Maximum Likelihood Estimation

Lecture 7

Please, sign in on iClicker

Moving on beyond probability (slightly)!

Today’s topic is a fascinating statistical concept: estimating distributional parameters in a population or system using sample data.
We will focus on maximum likelihood estimation (MLE).

Today’s Learning Goals

By the end of this lecture, we will be able to…

Explain the concept of a random sample.
Explain the concept of maximum likelihood estimation.
Define the likelihood function for a parametric model and recall why we often take its logarithm.
Apply maximum likelihood estimation for cases with one population parameter (i.e., univariate maximum likelihood estimation).
Use R to implement maximum likelihood estimation by an empirical approach.

A Note on Plotting

You will not be expected to make plots like those in these lecture notes.
We will save that for the next block in DSCI 531: Data Visualization I.

Outline

Random Samples
Estimating true parameters!
What is the definition of MLE?
Can we apply MLE analytically?

1. Random Samples

A random sample is a collection of $n$ random outcomes/variables.
Using mathematical notation, a random sample of size $n$ is usually depicted with random variables $X_1, \ldots, X_n$.
We think of data as being a random sample.

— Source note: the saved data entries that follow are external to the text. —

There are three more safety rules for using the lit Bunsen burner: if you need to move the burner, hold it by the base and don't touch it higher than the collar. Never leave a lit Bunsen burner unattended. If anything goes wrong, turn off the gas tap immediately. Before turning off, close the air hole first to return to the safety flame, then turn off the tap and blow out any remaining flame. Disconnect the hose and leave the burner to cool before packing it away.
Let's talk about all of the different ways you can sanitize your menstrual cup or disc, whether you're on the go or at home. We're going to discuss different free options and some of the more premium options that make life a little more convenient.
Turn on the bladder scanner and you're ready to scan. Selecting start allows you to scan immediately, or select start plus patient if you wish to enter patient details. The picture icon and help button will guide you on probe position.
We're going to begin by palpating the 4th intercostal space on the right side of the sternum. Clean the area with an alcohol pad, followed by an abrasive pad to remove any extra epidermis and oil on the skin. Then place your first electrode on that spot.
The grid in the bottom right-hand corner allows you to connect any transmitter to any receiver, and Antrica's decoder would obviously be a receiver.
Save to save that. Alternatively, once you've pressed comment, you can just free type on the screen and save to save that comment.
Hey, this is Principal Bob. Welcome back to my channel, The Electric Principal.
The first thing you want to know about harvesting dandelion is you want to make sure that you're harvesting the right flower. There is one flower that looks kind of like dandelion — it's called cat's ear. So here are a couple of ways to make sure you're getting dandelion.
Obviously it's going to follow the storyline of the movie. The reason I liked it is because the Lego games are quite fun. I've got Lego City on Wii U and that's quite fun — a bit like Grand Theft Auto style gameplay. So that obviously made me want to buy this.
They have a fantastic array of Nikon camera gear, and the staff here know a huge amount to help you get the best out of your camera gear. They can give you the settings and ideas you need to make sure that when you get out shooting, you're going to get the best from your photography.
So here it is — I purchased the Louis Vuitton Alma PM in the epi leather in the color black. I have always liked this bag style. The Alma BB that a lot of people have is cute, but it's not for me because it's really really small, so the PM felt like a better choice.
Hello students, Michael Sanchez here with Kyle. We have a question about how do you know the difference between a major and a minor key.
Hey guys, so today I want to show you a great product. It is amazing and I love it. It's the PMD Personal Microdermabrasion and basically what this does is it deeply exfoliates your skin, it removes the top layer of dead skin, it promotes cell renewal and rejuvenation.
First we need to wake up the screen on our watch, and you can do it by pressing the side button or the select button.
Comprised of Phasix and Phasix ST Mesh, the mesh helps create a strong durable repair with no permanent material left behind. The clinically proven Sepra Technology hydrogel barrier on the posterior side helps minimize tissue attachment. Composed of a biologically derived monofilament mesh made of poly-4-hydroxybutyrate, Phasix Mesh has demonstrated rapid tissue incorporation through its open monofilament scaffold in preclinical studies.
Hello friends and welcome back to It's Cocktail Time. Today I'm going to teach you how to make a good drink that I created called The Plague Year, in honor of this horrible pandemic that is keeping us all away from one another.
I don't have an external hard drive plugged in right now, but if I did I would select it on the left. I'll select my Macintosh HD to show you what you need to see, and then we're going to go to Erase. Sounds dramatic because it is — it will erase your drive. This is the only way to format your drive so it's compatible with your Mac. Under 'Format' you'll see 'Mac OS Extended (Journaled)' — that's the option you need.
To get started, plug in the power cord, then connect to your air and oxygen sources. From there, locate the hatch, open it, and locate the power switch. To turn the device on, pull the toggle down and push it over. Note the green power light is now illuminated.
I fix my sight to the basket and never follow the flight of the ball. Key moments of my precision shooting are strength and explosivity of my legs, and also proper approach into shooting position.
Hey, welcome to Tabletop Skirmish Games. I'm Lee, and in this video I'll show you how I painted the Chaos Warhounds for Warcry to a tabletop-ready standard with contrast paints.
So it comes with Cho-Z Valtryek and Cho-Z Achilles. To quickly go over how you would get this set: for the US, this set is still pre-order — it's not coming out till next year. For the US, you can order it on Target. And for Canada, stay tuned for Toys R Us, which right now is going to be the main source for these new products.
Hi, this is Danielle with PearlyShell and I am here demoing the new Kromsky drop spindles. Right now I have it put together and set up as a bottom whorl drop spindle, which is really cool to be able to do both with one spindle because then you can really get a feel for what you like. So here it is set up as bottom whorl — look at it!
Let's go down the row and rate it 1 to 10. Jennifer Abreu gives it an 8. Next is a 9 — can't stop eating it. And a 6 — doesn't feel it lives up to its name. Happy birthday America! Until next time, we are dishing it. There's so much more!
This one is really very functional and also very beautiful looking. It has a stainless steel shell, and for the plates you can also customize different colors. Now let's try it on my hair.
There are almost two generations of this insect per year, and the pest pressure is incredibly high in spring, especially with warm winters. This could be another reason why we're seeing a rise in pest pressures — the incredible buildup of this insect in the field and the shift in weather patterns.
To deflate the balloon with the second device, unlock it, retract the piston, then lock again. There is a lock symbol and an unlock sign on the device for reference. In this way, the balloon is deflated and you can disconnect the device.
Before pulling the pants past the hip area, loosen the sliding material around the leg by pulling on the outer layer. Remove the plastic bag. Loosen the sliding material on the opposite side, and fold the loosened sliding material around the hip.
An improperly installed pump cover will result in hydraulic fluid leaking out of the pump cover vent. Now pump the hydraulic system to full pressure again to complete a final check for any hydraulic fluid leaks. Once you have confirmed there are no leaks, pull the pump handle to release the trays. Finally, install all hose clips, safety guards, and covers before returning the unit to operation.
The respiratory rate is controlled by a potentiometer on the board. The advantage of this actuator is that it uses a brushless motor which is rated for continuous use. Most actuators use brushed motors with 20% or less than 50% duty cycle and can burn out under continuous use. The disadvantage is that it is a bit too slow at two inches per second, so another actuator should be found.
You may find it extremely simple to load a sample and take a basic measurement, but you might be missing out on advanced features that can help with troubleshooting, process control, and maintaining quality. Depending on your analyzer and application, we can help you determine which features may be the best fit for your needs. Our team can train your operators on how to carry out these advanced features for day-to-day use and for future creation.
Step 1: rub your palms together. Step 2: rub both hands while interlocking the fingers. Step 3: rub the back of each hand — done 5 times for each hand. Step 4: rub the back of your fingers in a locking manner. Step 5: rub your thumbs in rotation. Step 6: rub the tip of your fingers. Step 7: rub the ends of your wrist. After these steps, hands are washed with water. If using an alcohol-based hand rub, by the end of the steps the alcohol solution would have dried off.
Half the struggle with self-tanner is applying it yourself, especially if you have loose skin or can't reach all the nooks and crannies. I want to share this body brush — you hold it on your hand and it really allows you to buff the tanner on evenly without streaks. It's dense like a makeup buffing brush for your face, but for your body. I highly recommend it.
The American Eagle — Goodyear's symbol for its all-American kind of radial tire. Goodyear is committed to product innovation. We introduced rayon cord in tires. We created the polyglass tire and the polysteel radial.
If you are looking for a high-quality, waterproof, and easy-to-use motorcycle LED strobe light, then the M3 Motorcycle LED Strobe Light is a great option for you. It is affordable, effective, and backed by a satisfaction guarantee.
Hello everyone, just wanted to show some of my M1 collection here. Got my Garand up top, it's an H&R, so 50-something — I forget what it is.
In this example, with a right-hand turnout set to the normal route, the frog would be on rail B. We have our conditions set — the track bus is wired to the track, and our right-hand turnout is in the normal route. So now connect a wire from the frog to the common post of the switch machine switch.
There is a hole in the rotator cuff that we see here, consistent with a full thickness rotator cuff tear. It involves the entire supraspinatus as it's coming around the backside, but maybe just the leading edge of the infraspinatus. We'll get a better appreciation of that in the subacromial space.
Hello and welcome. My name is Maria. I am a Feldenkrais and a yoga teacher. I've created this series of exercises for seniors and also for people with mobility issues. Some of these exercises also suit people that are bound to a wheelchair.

Independent and identically distributed!

Unless we make additional sampling assumptions, a default random sample is said to be independent and identically distributed (or iid) if:

Each pair of observations are independent, and
each observation comes from the same distribution.

Why is sampling important in statistical practice?

Populations or systems of interest are governed by fixed parameters (under a frequentist paradigm).
Data from these populations or systems of interest can be modelled via diverse discrete and/or continuous distributions.
These parameters are considered to be the true ones.

Estimation!

We will never know these true parameters in practice, but we aim to estimate them via sampled data.
Using our observed sampled data, we can perform the corresponding parameter estimation via MLE (for instance!) and then proceed to statistical inference.

2. Estimating true parameters!

MLE has these major characteristics:

A random sample of $n$ observations from the population or system of interest.
Cases with only one parameter to estimate involve univariate MLE.
Cases involving more than one parameter to estimate involve multivariate MLE.
MLE provides you with a great way to find estimators, which are usually well-behaved (asymptotically speaking).

For example…

The sample mean:

\[\begin{align} \bar{Y} = \frac{\sum_{i = 1}^n Y_i}{n} \end{align}\]

is a trivial case with a very intuitive answer at first sight.

Still, this answer is backed up with interesting statistical modelling assumptions via MLE.

Important!

Since the scope of this lecture is mostly about the conceptual understanding of the MLE process regarding distributional parameters, we will narrow down the attention to univariate cases.
That said, in day-to-day statistical practice, this conceptual understanding can also be extended to multivariate cases for more complex data modelling.

2.1. A first example!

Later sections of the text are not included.